WORK TASK — Any images in the records should be skipped; transcribe the rest exactly.

Scraped caption text data:
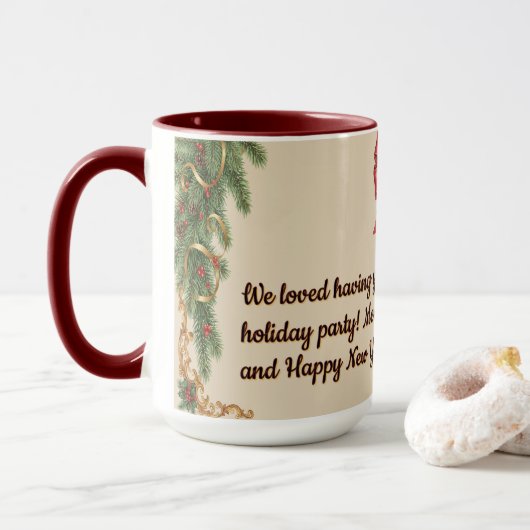 Viktorianische Aquarell-Weihnachtsmann-Weihnachtsk Tasse (Mit Donut)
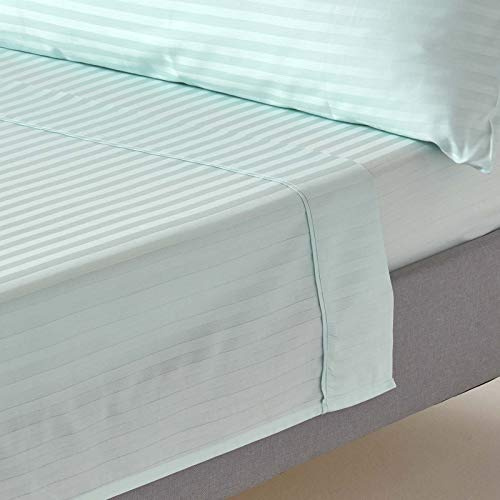 HOMESCAPES Blue Pure Egyptian Cotton Flat Sheet Super King 330 TC 500 Thread Count Equivalent Satin Stripe Bed Sheet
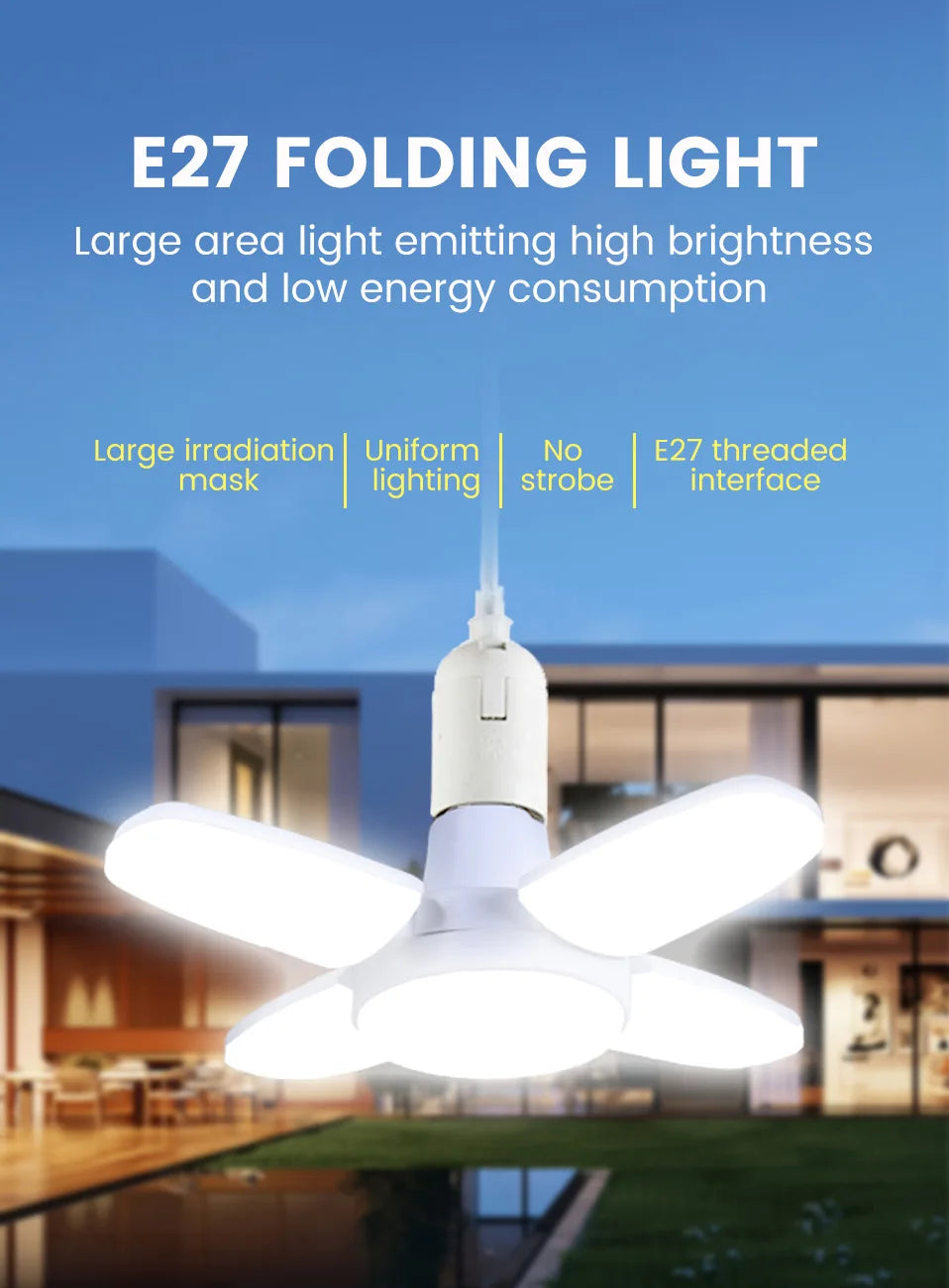 E27 Fan Shape Foldable 40LEDs Bulb AC220V/110V Deformation for Home Ceiling Lights Warehouse and Garage White Light 6500K Bulb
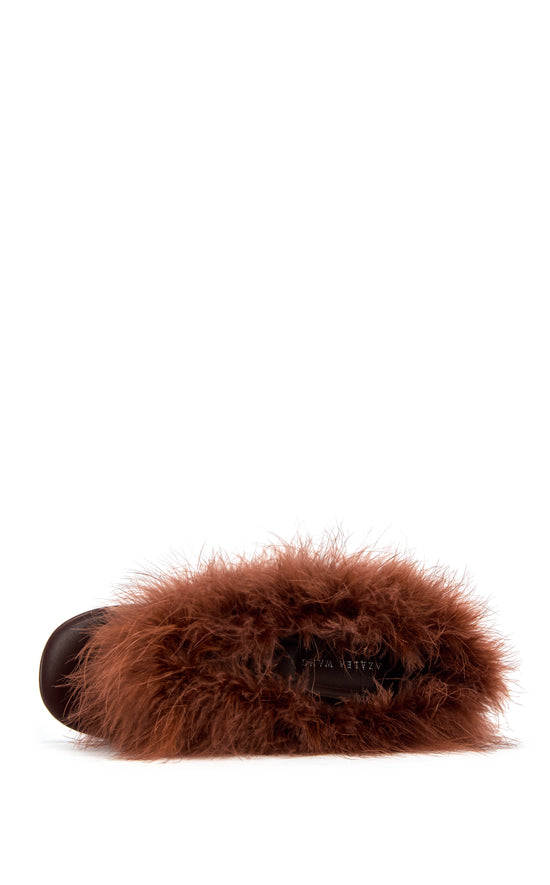 DELPHINA-CHOCOLATE FAUX FUR STILETTO SANDAL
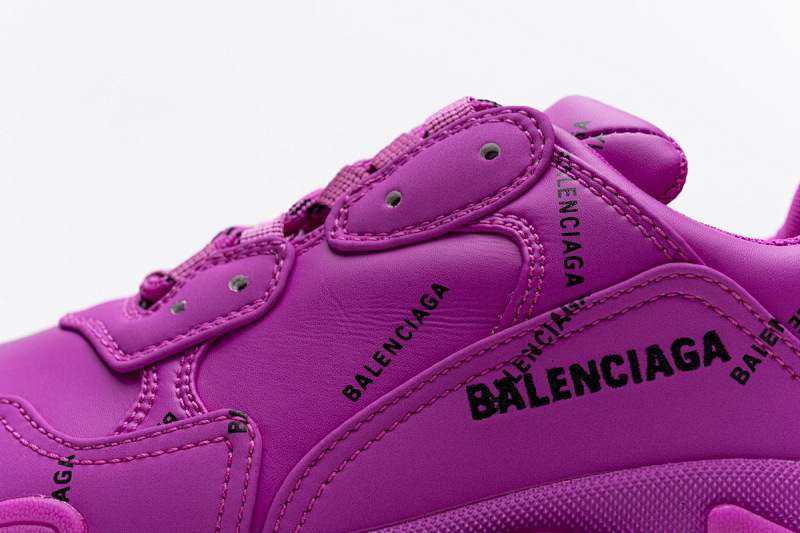 【CA0LJ】紫红联名 巴黎世家8层组合TPU复古鞋 524039 W2FA1 7634 Balenciaga Triple S Letter Pulm Powder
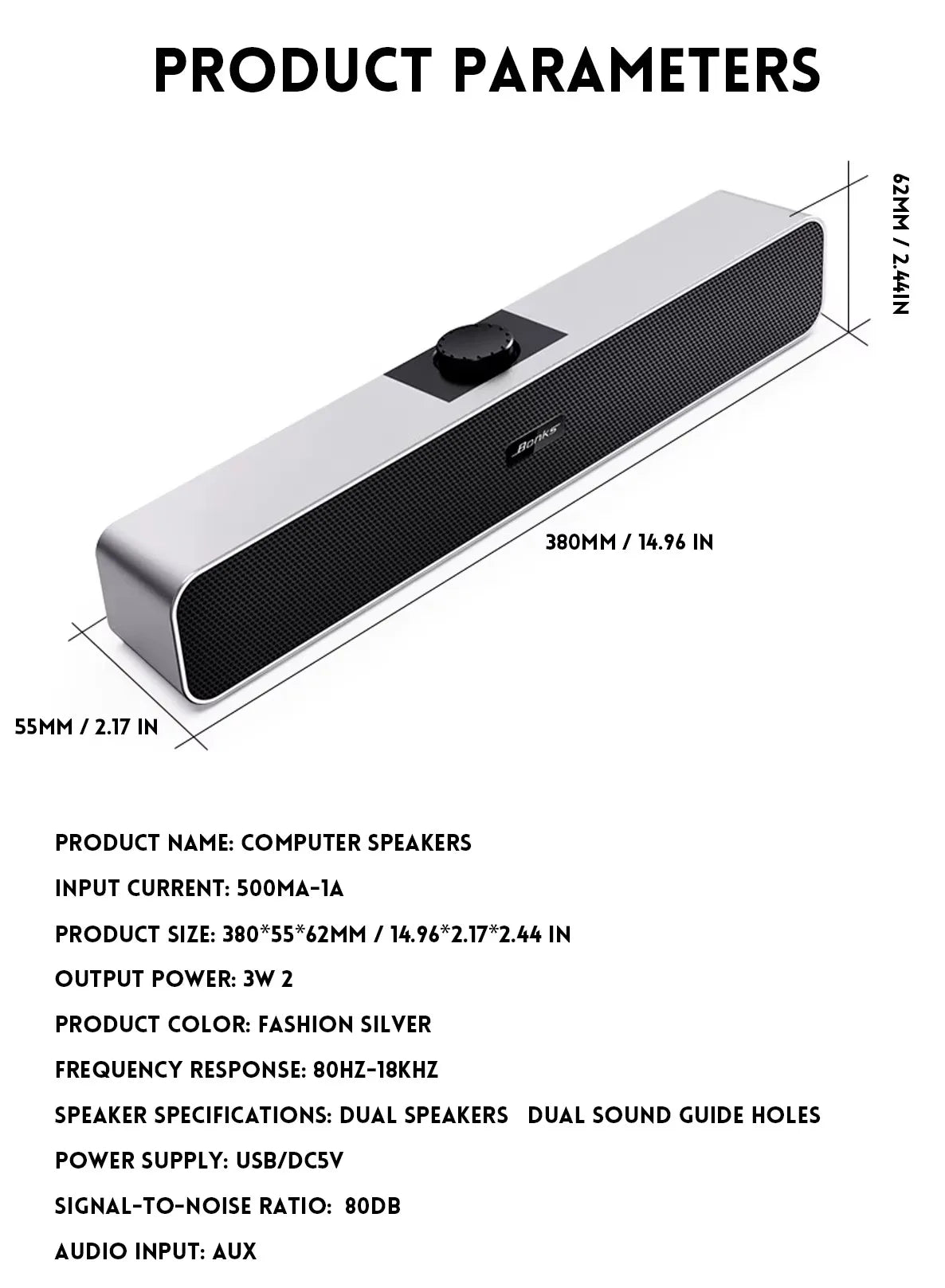 B Computer Speakers with 3.5 mm Aux, Small PC Speakers Powered by USB, USB Soundbar for Monitor，Wired USB Desktop Speaker,    Home Decor Supply | Online Retail | ShoreShopper.com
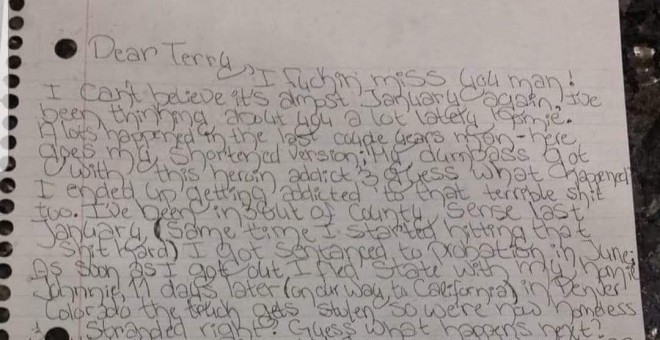 Semanas antes de desaparecer, Zoey escribió esta carta a un amigo relatando su historial de arrestos en varios estados y la batalla cuesta arriba que estaba librando para superar su adicción a las drogas .
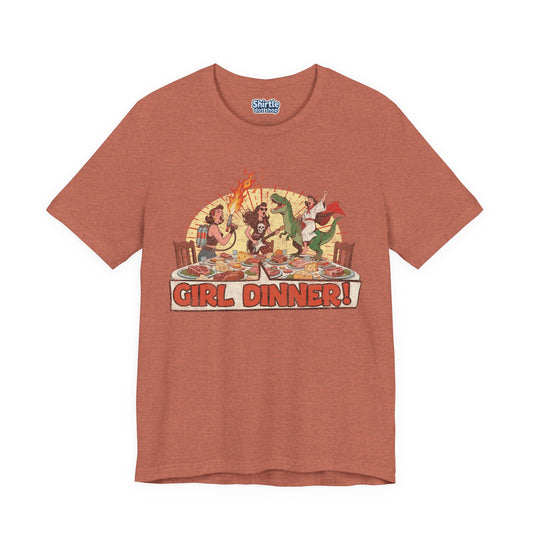 Girl Dinner T-shirt*Flat*Heather Clay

RESPONSE BELOW —
 Viktorianische Aquarell-Weihnachtsmann-Weihnachtsk Tasse (Mit Donut)
 HOMESCAPES Blue Pure Egyptian Cotton Flat Sheet Super King 330 TC 500 Thread Count Equivalent Satin Stripe Bed Sheet
 E27 Fan Shape Foldable 40LEDs Bulb AC220V/110V Deformation for Home Ceiling Lights Warehouse and Garage White Light 6500K Bulb
 DELPHINA-CHOCOLATE FAUX FUR STILETTO SANDAL
 【CA0LJ】紫红联名 巴黎世家8层组合TPU复古鞋 524039 W2FA1 7634 Balenciaga Triple S Letter Pulm Powder
 B Computer Speakers with 3.5 mm Aux, Small PC Speakers Powered by USB, USB Soundbar for Monitor，Wired USB Desktop Speaker,    Home Decor Supply | Online Retail | ShoreShopper.com
 Semanas antes de desaparecer, Zoey escribió esta carta a un amigo relatando su historial de arrestos en varios estados y la batalla cuesta arriba que estaba librando para superar su adicción a las drogas .
 Girl Dinner T-shirt*Flat*Heather Clay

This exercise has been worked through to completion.